• [Assigned task]
The lines from the one containing "Caisse clayette en bois - caisse, /" through the final line of the listing below are what the answer must repeat, exactly and only, leaving pictures out.

• [Exercise data]
<<<<

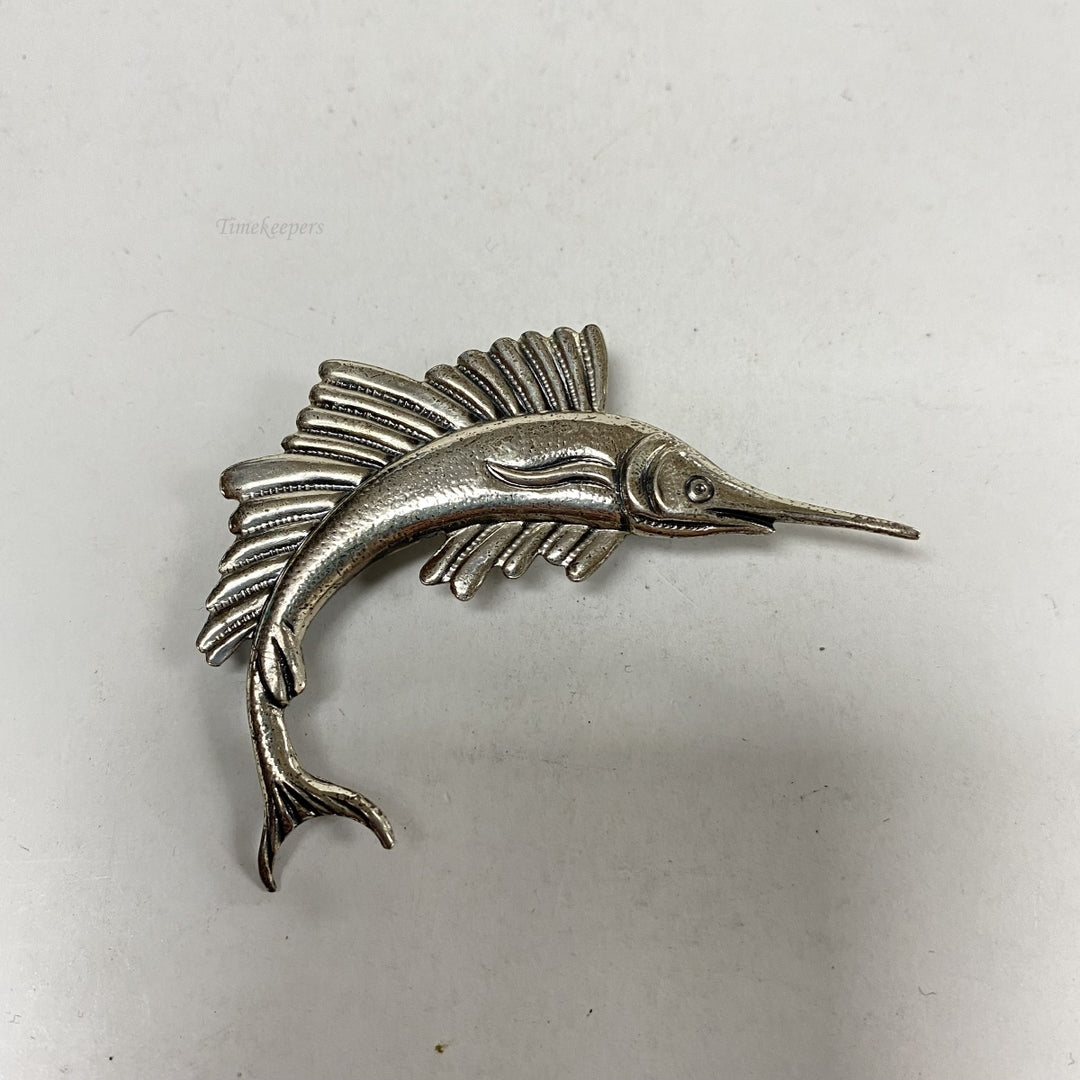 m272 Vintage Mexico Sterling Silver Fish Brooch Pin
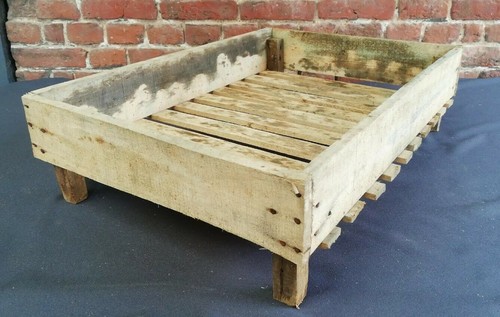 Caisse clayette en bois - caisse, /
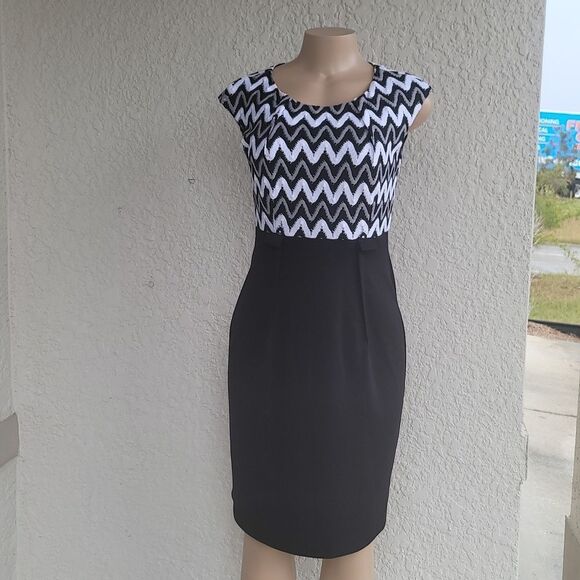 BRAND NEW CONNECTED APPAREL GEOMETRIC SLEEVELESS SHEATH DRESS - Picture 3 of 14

>>>>

• [Exercise answer]
 Caisse clayette en bois - caisse, /
 BRAND NEW CONNECTED APPAREL GEOMETRIC SLEEVELESS SHEATH DRESS - Picture 3 of 14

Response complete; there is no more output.